Other parents will look to their divorce as one filled with issues. Issues require that you advocate in an adversarial atmosphere against your ex, and act as a litigant in a lawsuit. Issues to be tried in front of an impartial family law judge who has the experience to address the parents concerns and make appropriate orders that are in the children’s best interest.
Civil Litigation vs. Collaborative Practices
Which path to take? As a family law attorney of twenty three years I will tell you that most of my clients wanted their issues resolved in front of a judge. When I was a younger attorney I would go down to the courthouse and present my clients issues before the family law court. I would help my clients present their case through the “best facts” available. We would elicit the help of mental health professionals and obtain their opinion on what was in the best interest of the parties children.

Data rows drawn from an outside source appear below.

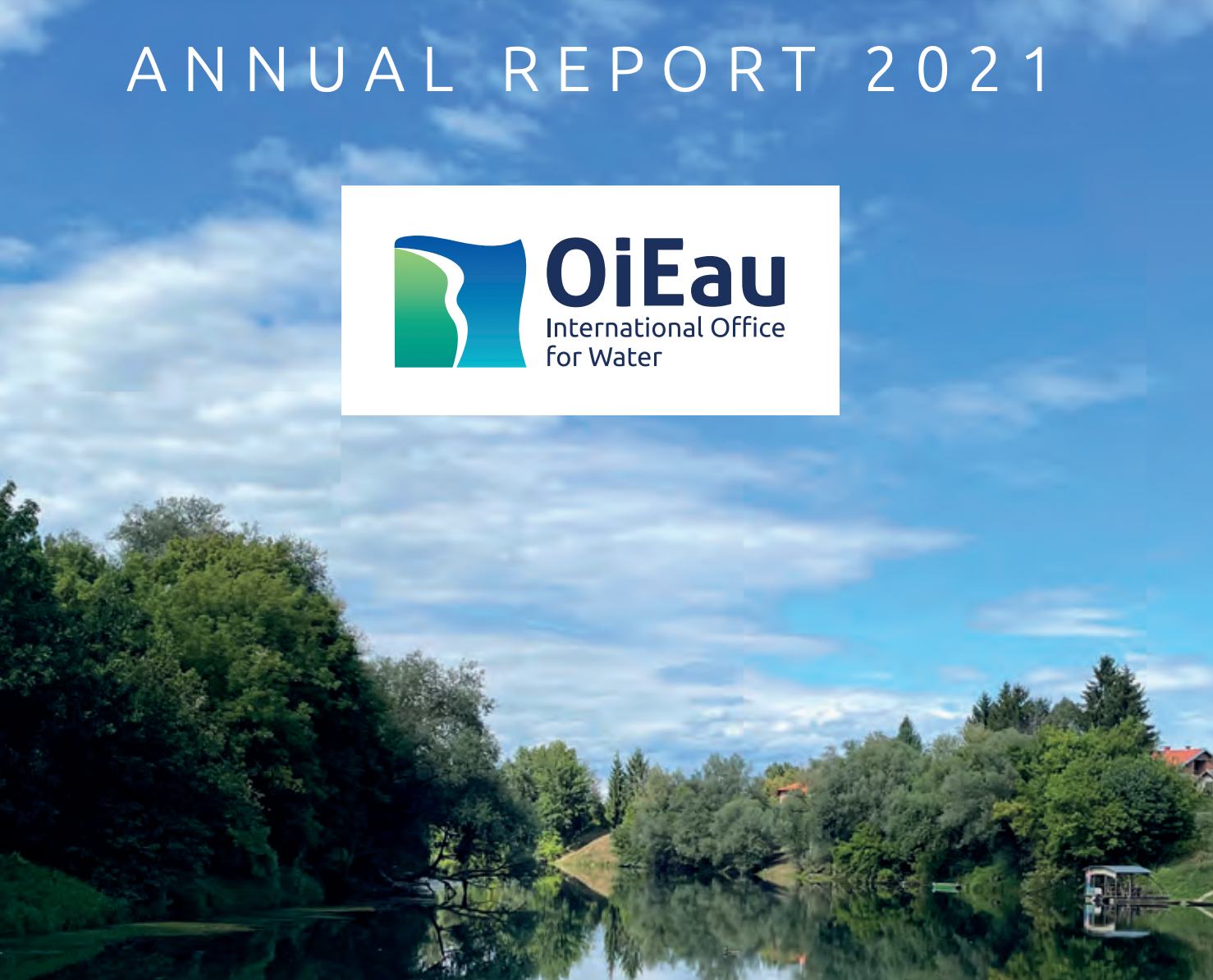 Annual Report 2021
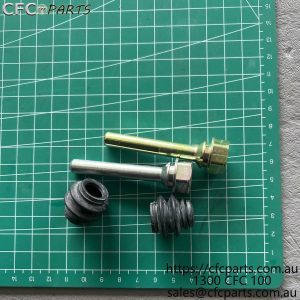 C00027002 LDV G10 Rear Brake Caliper Guide Pin Bush Kit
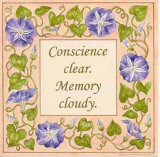 Buy Memory Cloudy at AllPosters.com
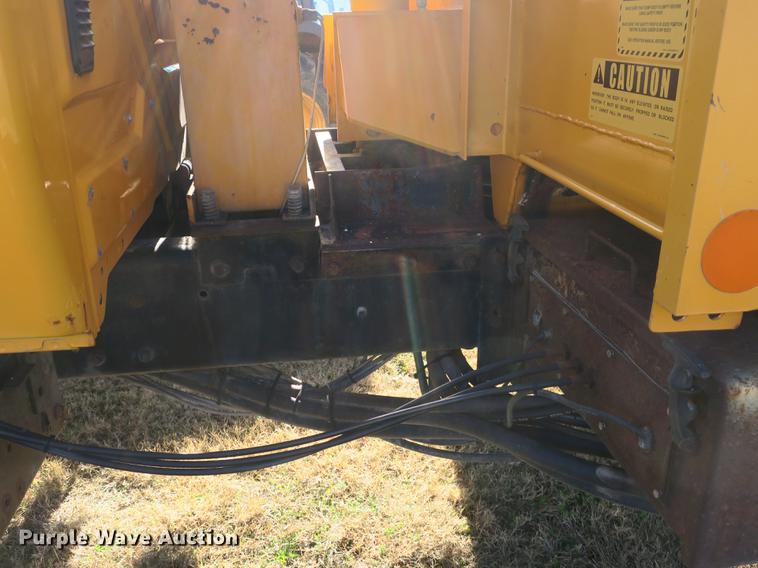 image for item DB8950 2005 International 7400 dump truck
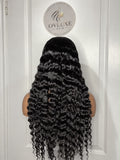 Peruvian deep waves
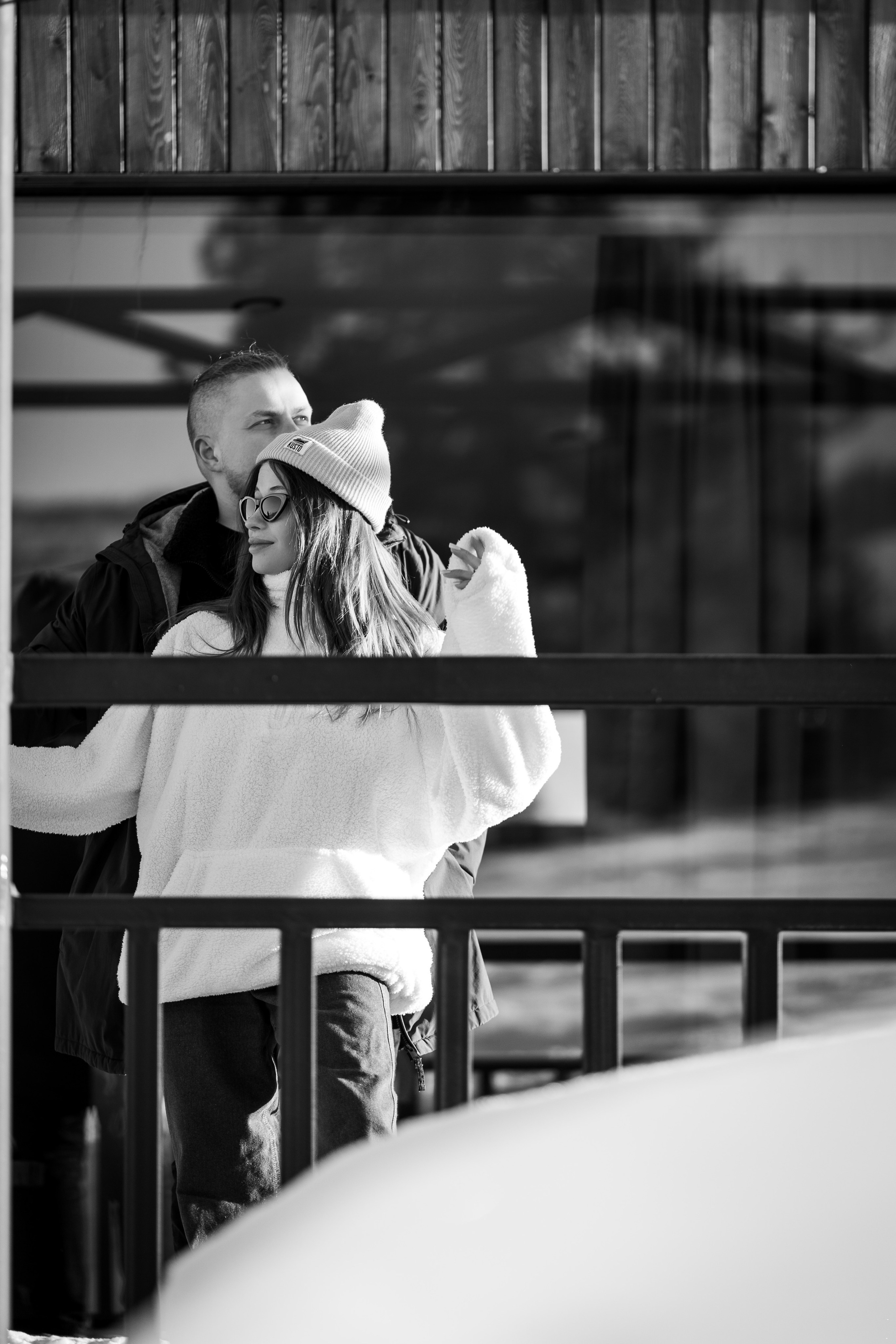 Vozduh. Анастасия Паршукова — фотограф Шерегеш Новосибирск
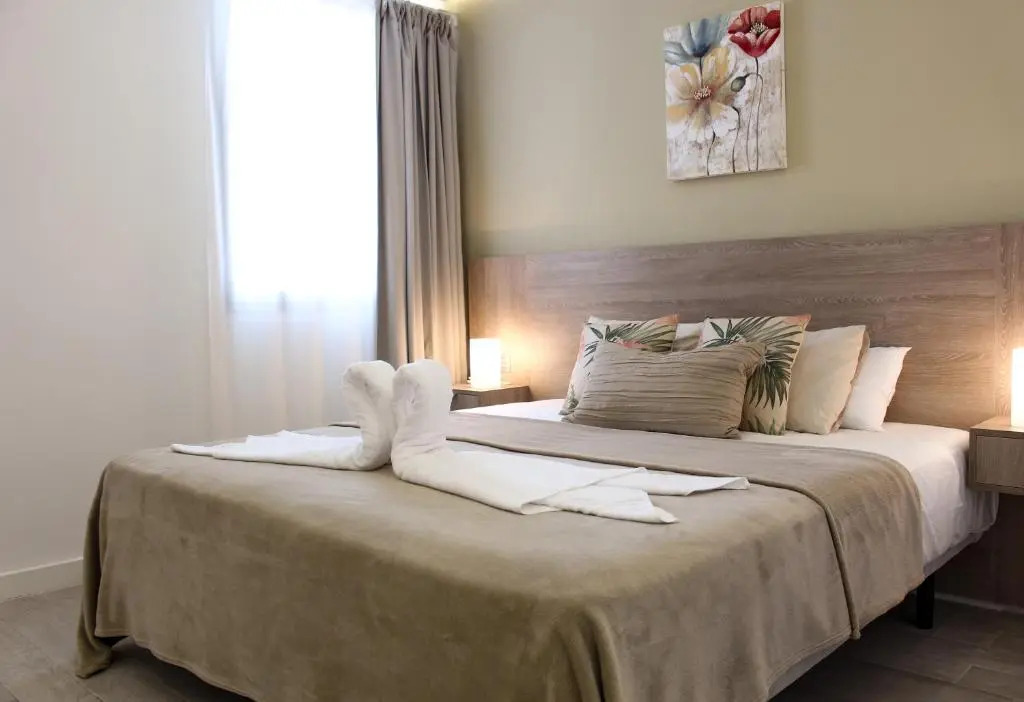 Ocean Garden Suite 62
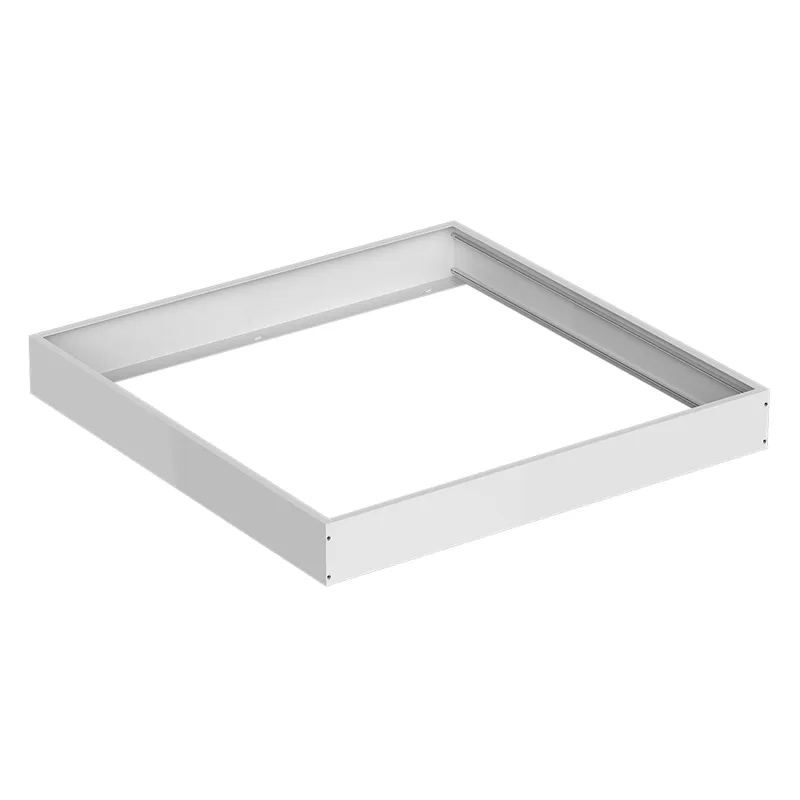 2'x2' Surface Mount Kit for LED Panel Light — Revolve LED LED Troffers & Panels  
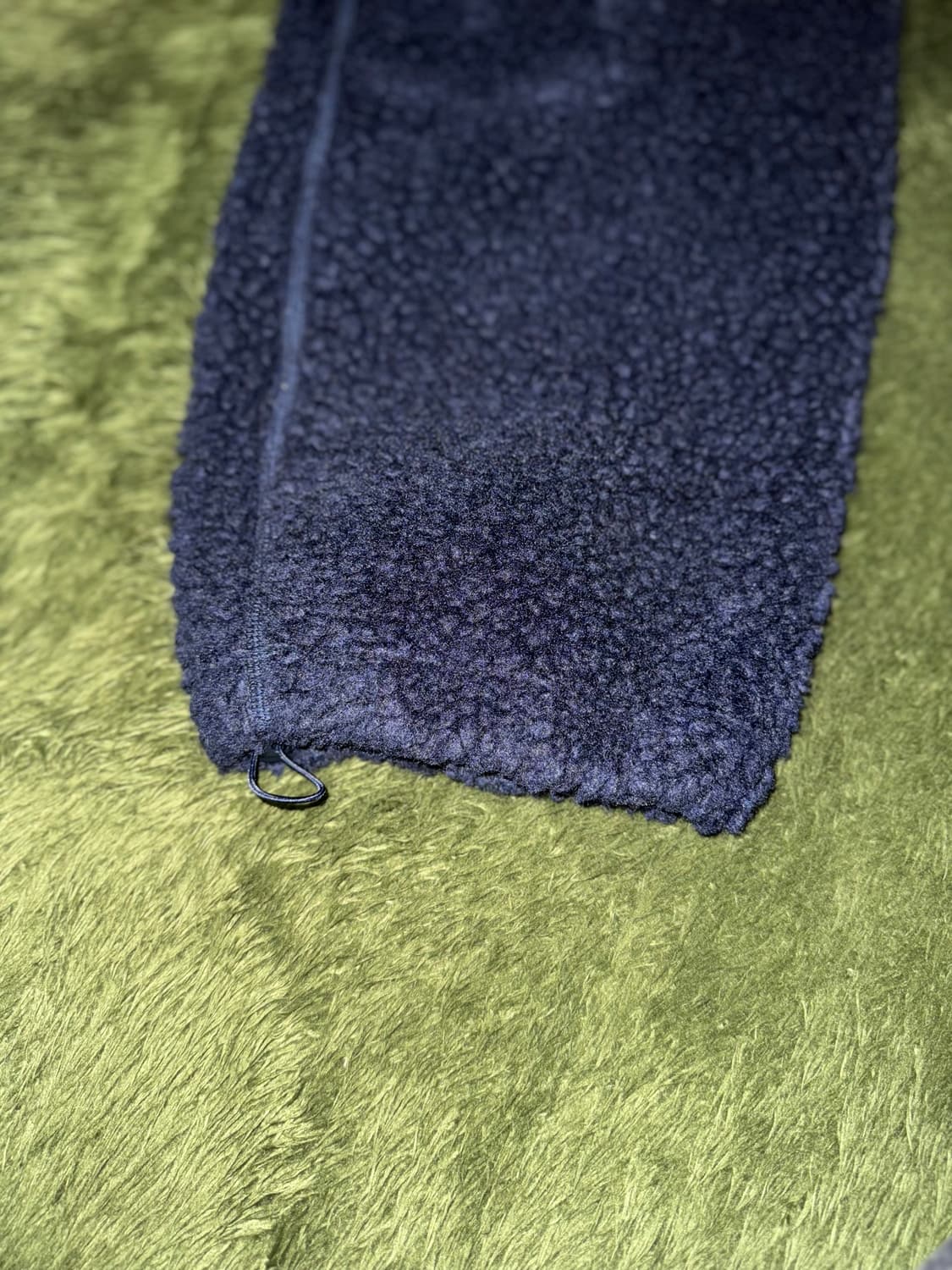 [M] POP TRADING COMPANY 팝트레이딩 컴퍼니 플리스 팬츠 상품이미지7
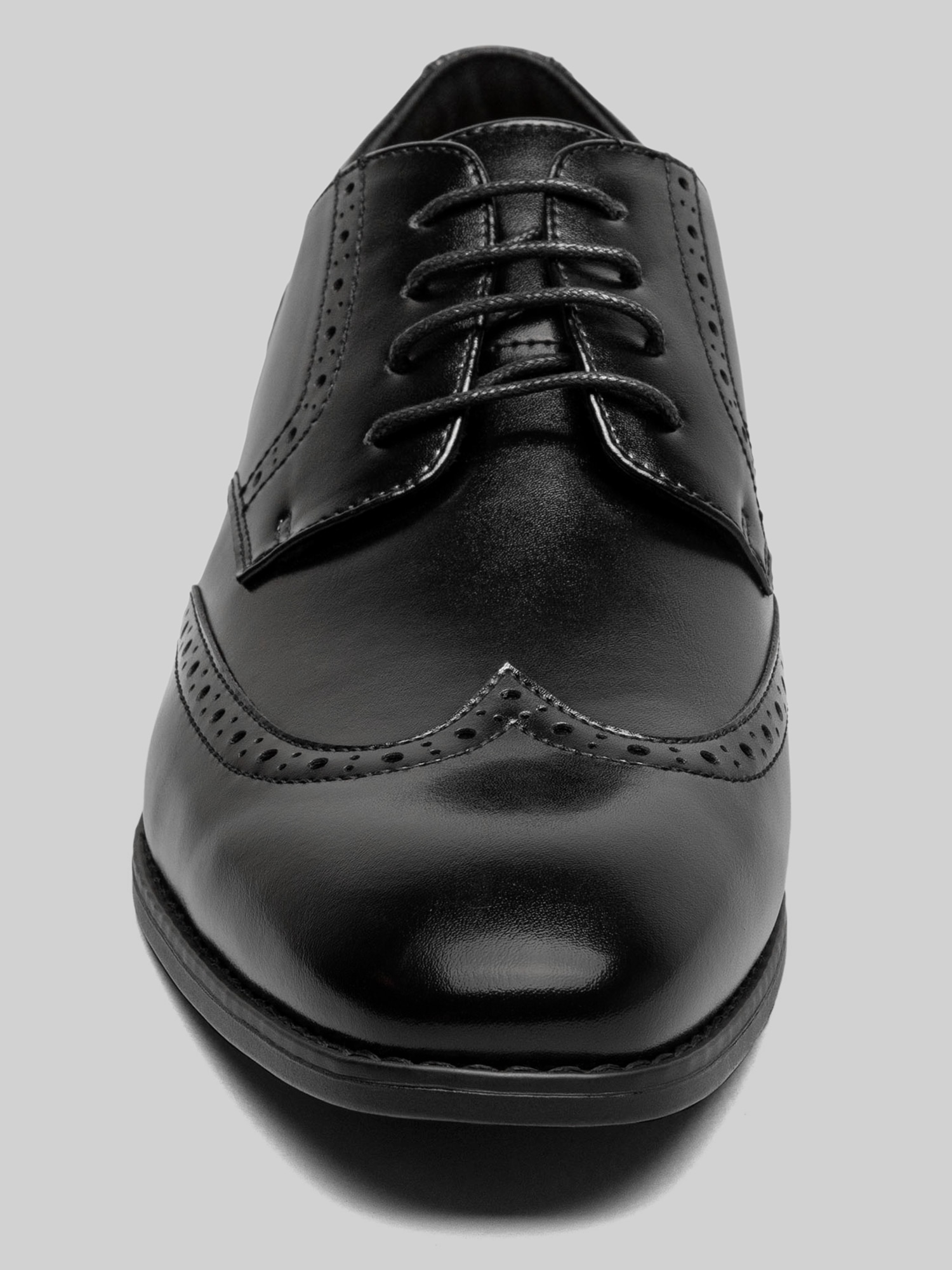 Nichols Wing Tip Lace Up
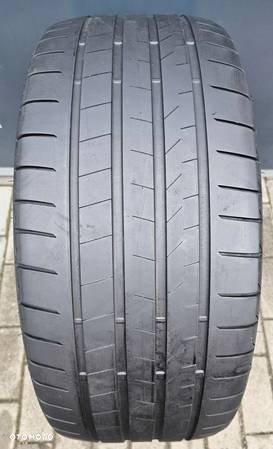 Bridgestone Alenza 001 265/45R21 108 H AO - 2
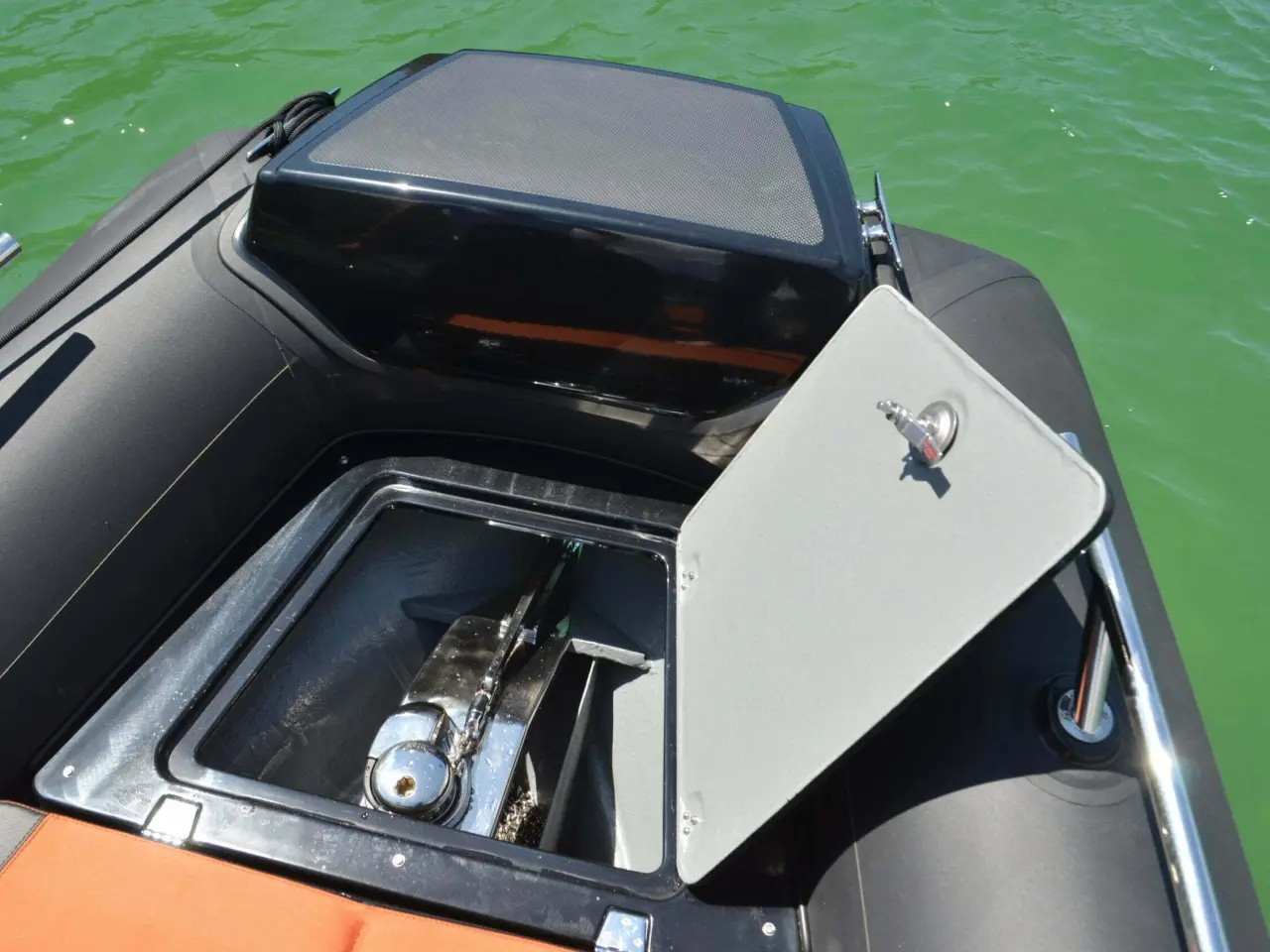Billede 8 - GRAND G850HL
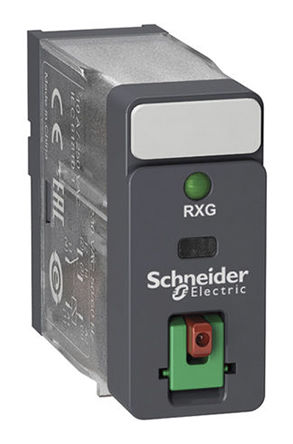 Schneider Electric RXG22F7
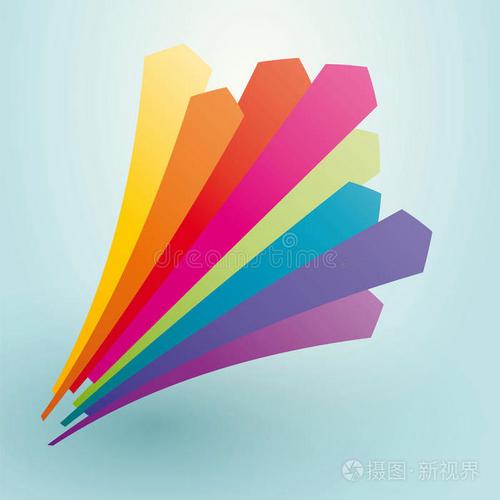 彩虹箭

As years went by I began to see the benefits of allowing parents to talk to one another prior to engaging each other in a courtroom. Most of the parents truly did not want to be engaging one another at the courthouse. The parents seemed to simply need a referee, someone who could intervene and provide an objective opinion. The problems the parents faced were not insurmountable, and typically with a few suggestions the parents reached agreements and moved on.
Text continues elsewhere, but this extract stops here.